RELATO DE EXPERIÊNCIA

ENSINO

Residência em saúde da família: a preceptoria de enfermagem lapidando seu objeto de trabalho

Eliany Nazaré OliveiraI; Maria do Socorro Carneiro LinharesII; Maristela Inês OsawaIII; Anna Vicente SantiagoIV; Maria Alzenir C. PonteV; Maria Socorro de Araújo DiasIV

IEnfermeira, Mestra em Enfermagem, Professora da Universidade Estadual Vale do Acaraú -UVA

IIEnfermeira, Especialista em Saúde Pública, Técnica da Secretaria de Saúde e Assistência Social de Sobral

IIIEnfermeira, Mestranda em Enfermagem pela UFC-CE, Professora da Universidade Estadual Vale do Acaraú -UVA

IVEnfermeira, Técnica da Secretaria de Saúde e Assistência Social de Sobral

VEnfermeira, Especialista em Metodologia do Ensino Superior, Professora da Universidade Estadual Vale do Acaraú -UVA

VIEnfermeira, Mestranda em Enfermagem pela UFC-CE, Professora da Universidade Estadual Vale do Acaraú -UVA

INTRODUÇÃO

Em 1994, o Ministério da Saúde implantou o Programa de Saúde da Família - PSF, com o intuito de reorientação do modelo brasileiro vigente. Em 1995, o Governo do Estado do Ceará, através de sua Secretaria de Saúde, definiu o PSF como sendo um programa estruturante por viabilizar a inversão do modelo de atenção à saúde até então predominantemente centrado na doença, com enfoque individual. Segundo dados da Secretaria da Saúde do Estado, até o final de dezembro de 1999 havia 730 equipes aprovadas pela Comissão Intergestores Bipartite do Ceará.

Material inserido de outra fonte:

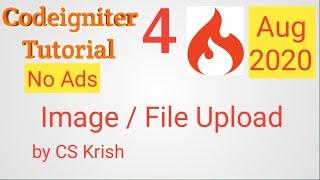 File Upload in Codeigniter 4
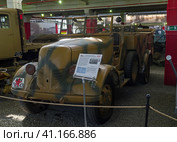 Тяжелый командирский автомобиль Phanomen Granit 1500A Kfz.70, 1943 год, Германия. Музей военной техники "Моторы войны", Москва. (2023 год). Редакционное фото, фотограф Сергей Рыбин / Фотобанк Лори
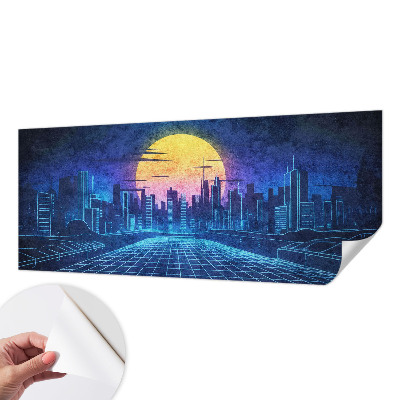 Fotobehang babykamer Futuristisch landschap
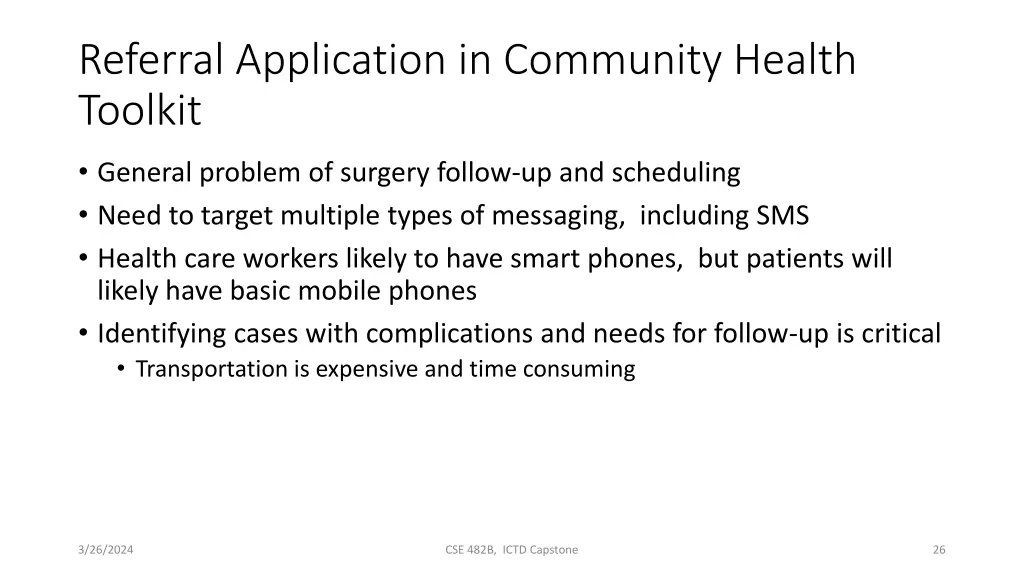 referral application in community health toolkit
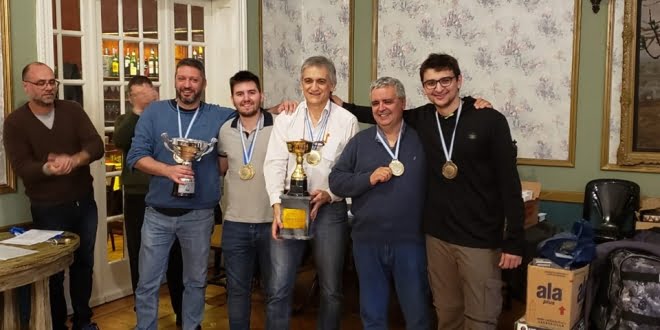  San Francisco retuvo el título de Campeón Provincial de ajedrez por equipos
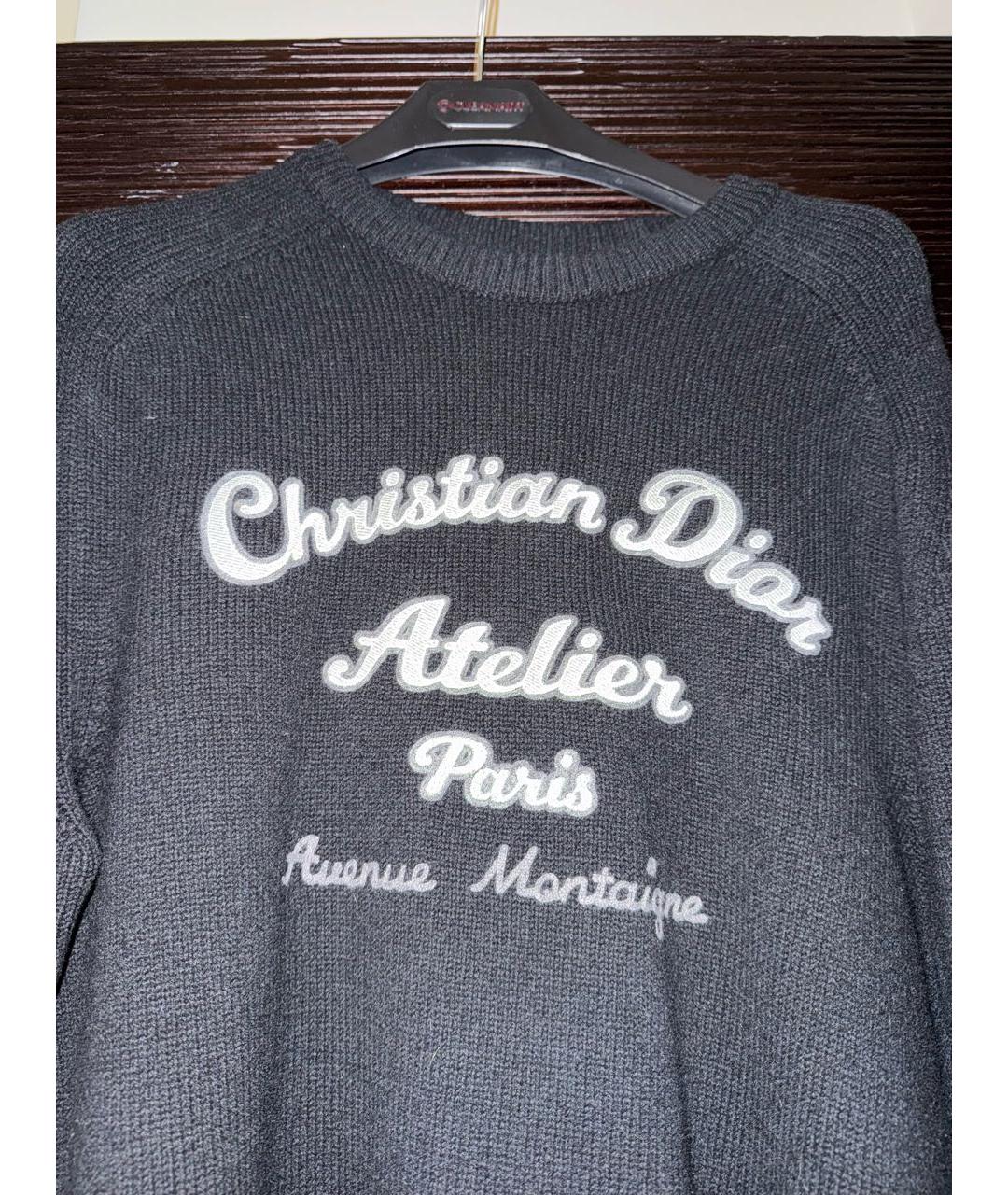 CHRISTIAN DIOR Черный джемпер / свитер, фото 3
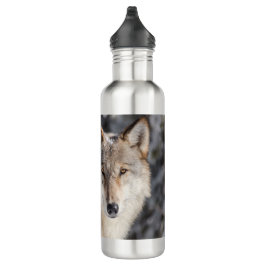 Natur- und Wolfdesign Edelstahlflasche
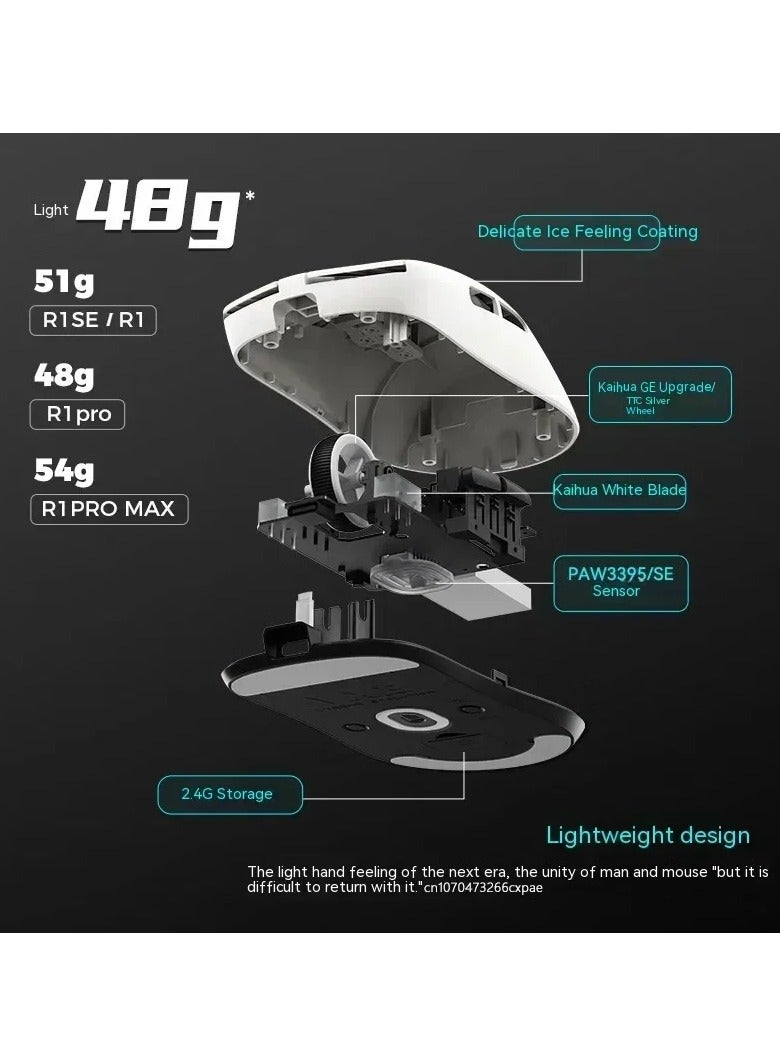 في اكس اي ماوس ألعاب VXE Dragonfly R1 Pro بتكنولوجيا Bluetooth و2.4G وسلكي لأجهزة الكمبيوتر المحمولة والمكاتب - Image 4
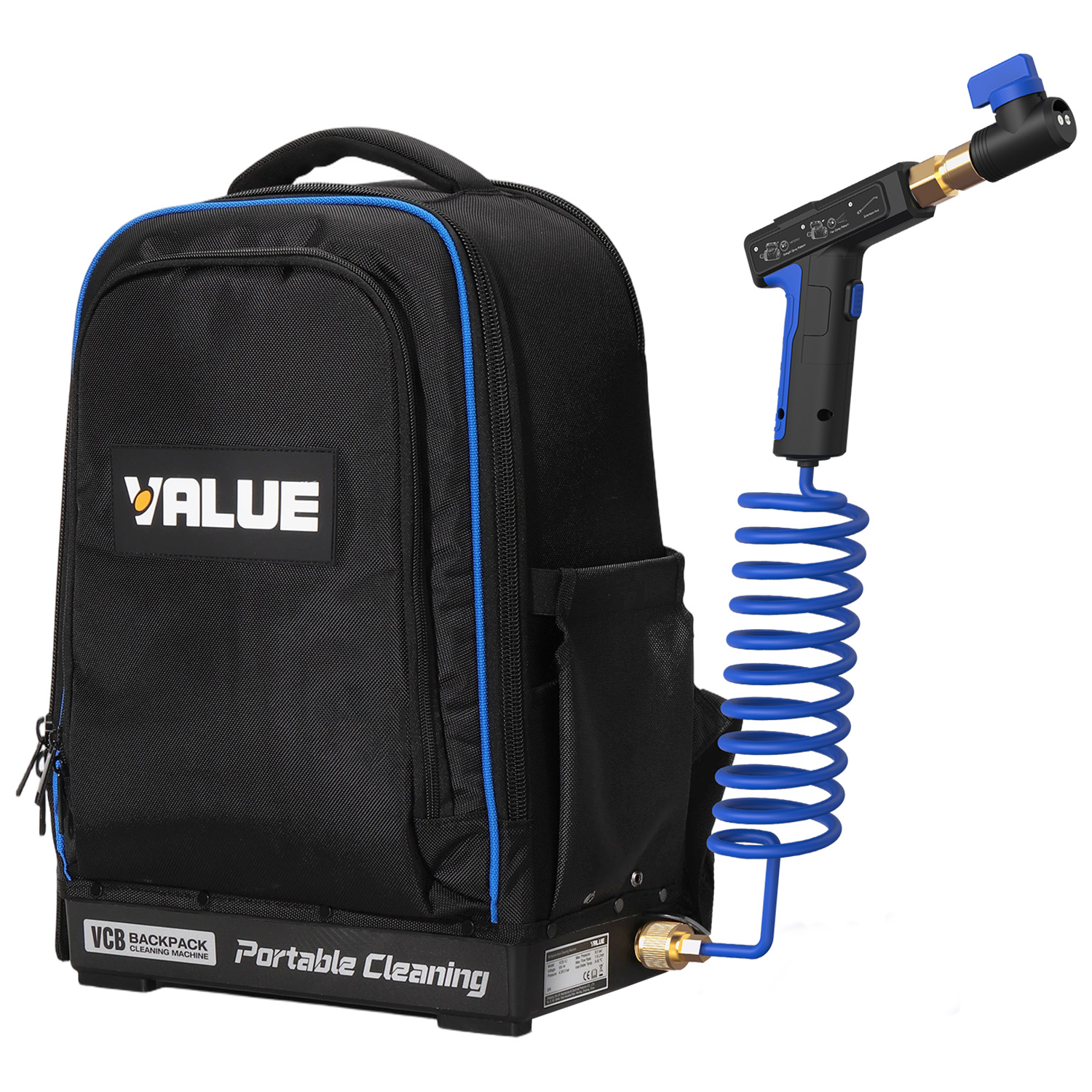 VALUE Idropulitrice Portatile a Batteria per Sistemi HVACR VCB-1Li - due Livelli di Pressione (4,5 e 6,5 bar) - Portata 1,8 litri/minuto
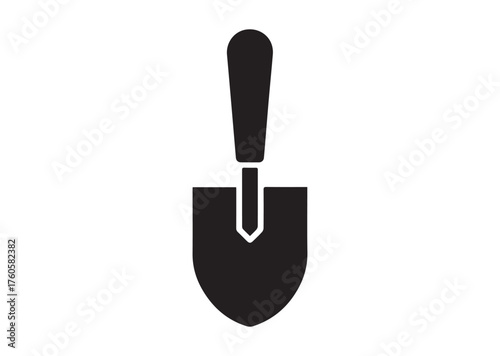 Trowel icon, Trowel solid vector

A partir da pesquisa desenvolvida por Andrade (1998) sobre o PSF no Ceará, foram identificadas varias dificuldades no processo de trabalho das equipes que atuam no PSF. Entre estas o despreparo dos profissionais para desenvolver atividades na comunidade foi a mais significativa. Este fato demonstra as limitações nos cursos de graduação de Enfermagem e Medicina na preparação dos profissionais. Para Serra (1999), do ponto de vista técnico, o maior desafio está na capacitação dos atuais profissionais e na formação dos que hoje estão nas escolas. Neste contexto, percebemos que a formação e a qualificação dos profissionais constituem um desafio a ser enfrentado e vencido.

Portanto, faz-se necessário corrigir com urgência as deficiências de conhecimentos, habilidades e prática dos membros das equipes de saúde da família em termos da atenção primária de saúde, para que os resultados esperados por esta inversão do modelo de atenção em saúde sejam alcançados, repercutindo em real impacto na qualidade de vida e conseqüente adesão desta proposta por parte da população.

Atualmente, o município de Sobral tem 31 equipes saúde da família, compostas cada uma de um médico e um ou dois enfermeiros além de auxiliares de enfermagem e agentes de saúde, totalizando cerca de 70 profissionais de nível superior, cobrindo 100% da população do município.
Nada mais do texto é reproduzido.